Road kill is always on my mind when I travel in Australia. More often than not, I see dead or maimed animals along the road verge; the by-product of modern, high speed motor transport. The further one travels away from the city limits the more prolific road kill can become.
LEFT: A shingleback lizard is given a helping hand to cross a busy highway in South Australia (click for larger view).
On a recent trip to South Australia, the time taken to travel between points was longer than normal. The culprit that was slowing my travel was a relatively small slow moving animal protected by a heavy armour of interlocking pine cone-looking scales; it was the Shingleback Lizard (Tiliqua rugosa), often referred to as the pinecone or stumpy-tailed lizard.

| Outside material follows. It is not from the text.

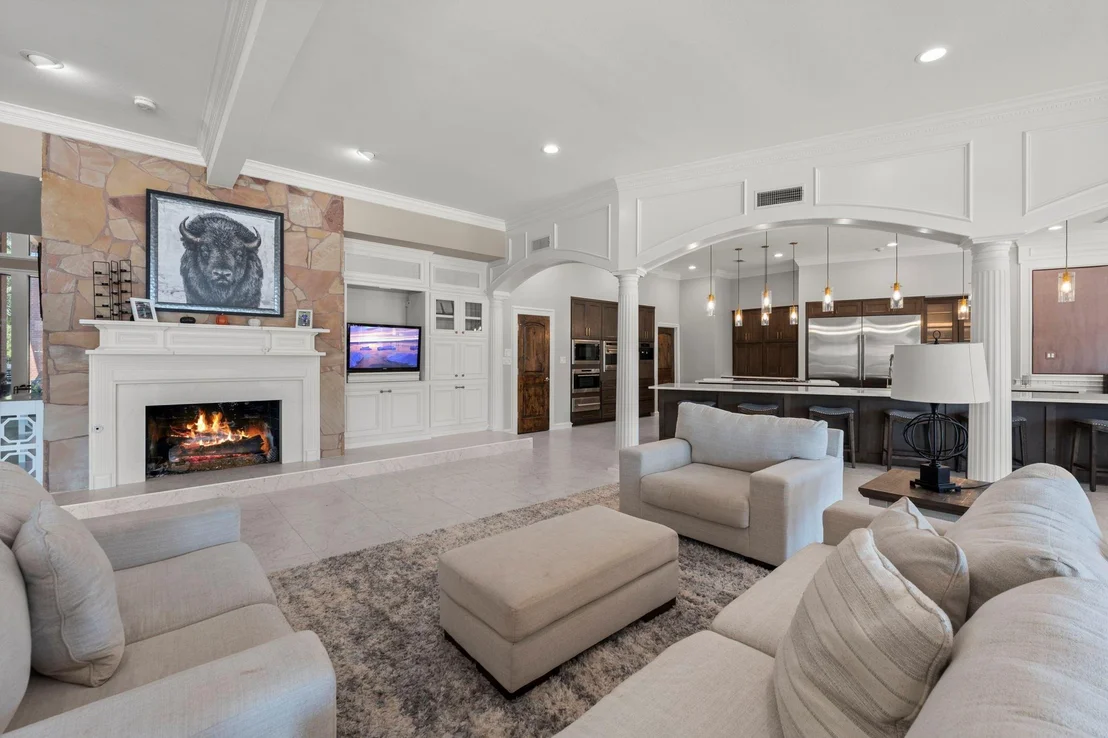 Photo of 40 La Jolla Circle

It appeared that every time I gathered driving speed, I’d witness yet another "pinecone" crossing the road. Sometimes they would amble quite briskly across the centre-line, only to stop and raise their head, sensing the vibrations of an approaching vehicle, before doubling back into the direct line of the vehicle. I was stopping several times within a few kilometres, to dismount and rescue these ancient-looking dinosaurian-looking reptiles.
Brief Natural History
Shingleback Lizards, the largest lizard of the Skink family, live alone for most of the year; however, between September and November reunite as monogamous pairs. Shinglebacks are often seen crossing roads in pairs, with the male following the female; the same pairs may unite every year during the mating season. With the life expectancy of a shingleback reaching approximately 20 years and the fact that they are monogamous, it’s important that individual lizards are not squashed unnecessarily into the bitumen by uncaring motorists.

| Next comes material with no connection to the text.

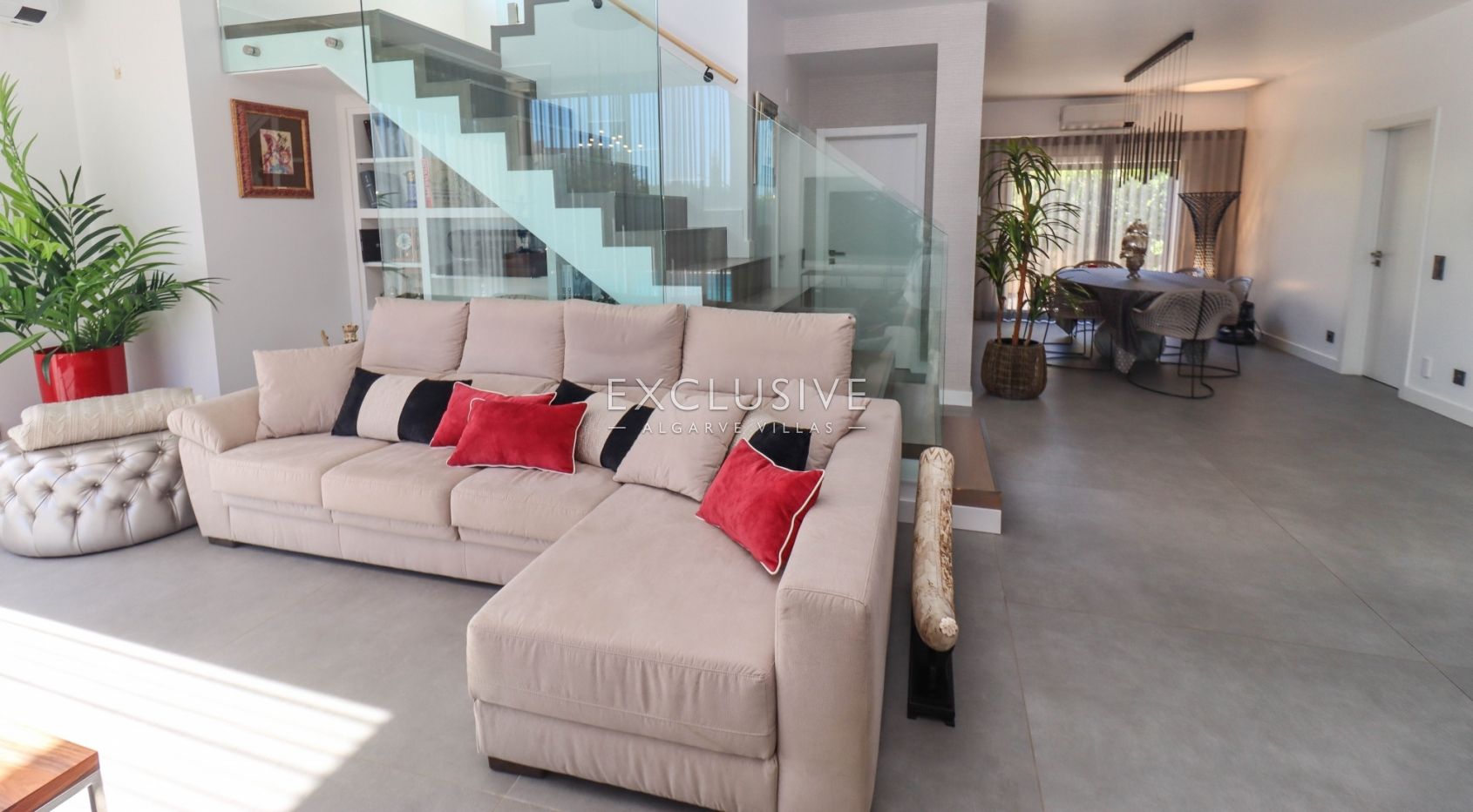 Modern and luxury villa in Albufeira, Algarve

Unique Facts - say no to"SEX" with your brother
One very interesting aspect of shingleback reproduction is the ability of the lizards to discriminate between kin and non-kin, even after being separated from their mothers after birth. This observation has been scientifically tested by observing that they preferentially direct attention and tongue flicks to related over non-related individuals (Main & Bull, 1996). The mechanism for this unusual ability is unknown, but probably involves olfactory cues. Whatever the mechanism, not reproducing with your “brother or sister” has obvious genetic benefits and cannot be dismissed.
Reptiles are ectothermic meaning they derive their body warmth directly from the environment. This is one reason why you never see reptiles during the winter months or on cold overcast days. It's also another reason that you often see reptiles sunning themselves on the road verge; the bitumen is warm. To aid in warming itself, the shingleback has the ability to arc and flatten its body extending its scales so that they present a greater surface area towards the sun. An added benefit to this solar warming is defence; flattening itself the shingleback can appear larger in size. The posture and size also mimics a highly venomous snake called the death adder.

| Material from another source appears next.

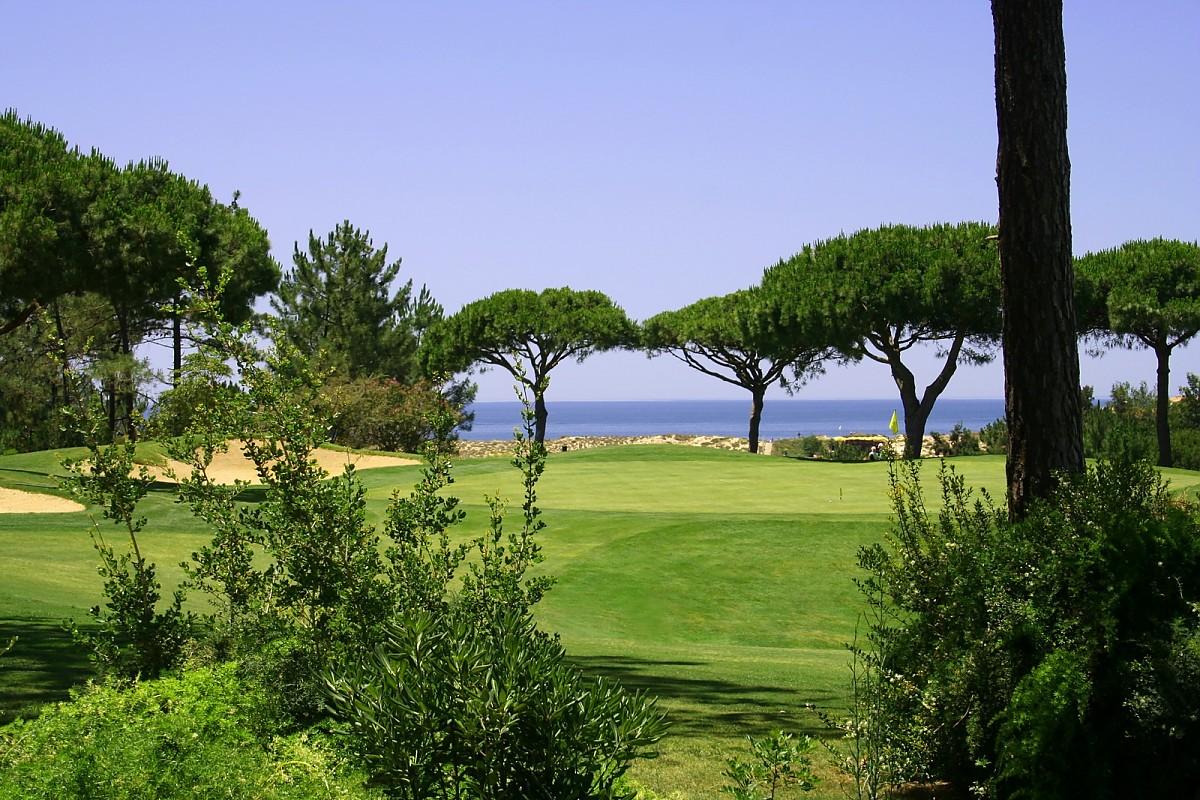 San Lorenzo Golf Course, Dona Filipa Hotel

LEFT: A meeting and mutual respect; a shingleback lizard (Tiliqua rugosa) is carefully carried across the highway (click for larger view).
Foraging Strategies and Navigation
Foraging strategies change throughout the year among sexes. During the two months before mating males use a time-maximization strategy, while females use an energy- maximization strategy. During mating when lizards are paired, the male eats significantly less than the female whose eating habits do not alter. During this time the male maintains a distance of a few centimeters behind the female. This behavior when paired, presumably suggests that males are on the alert for rival males. Bull & Pamula (1998) discovered that females can detect danger far more quickly when paired than when alone, and when paired the female earlier when the male is feeding. They suggested this behavior maybe an adaptation for identifying large predators, such as dingoes, feral cats and wedge-tailed eagles when plant food is only available at exposed locations.
A study by Freake (2001) found that the lizard can use celestial cues as a navigational strategy to return to its home range. It detects these cues using its parietal eye, perhaps functioning as a celestial compass.
Not a Klutz
If you have read this far, you’ll realize that the Shingleback is not just a slow-moving armoured klutz, but a marvel of evolutionary design. Therefore, the next time you see a "pinecone" crossing the road, give way to the shingleback. Better still, stop your vehicle and give the lizard a helping hand.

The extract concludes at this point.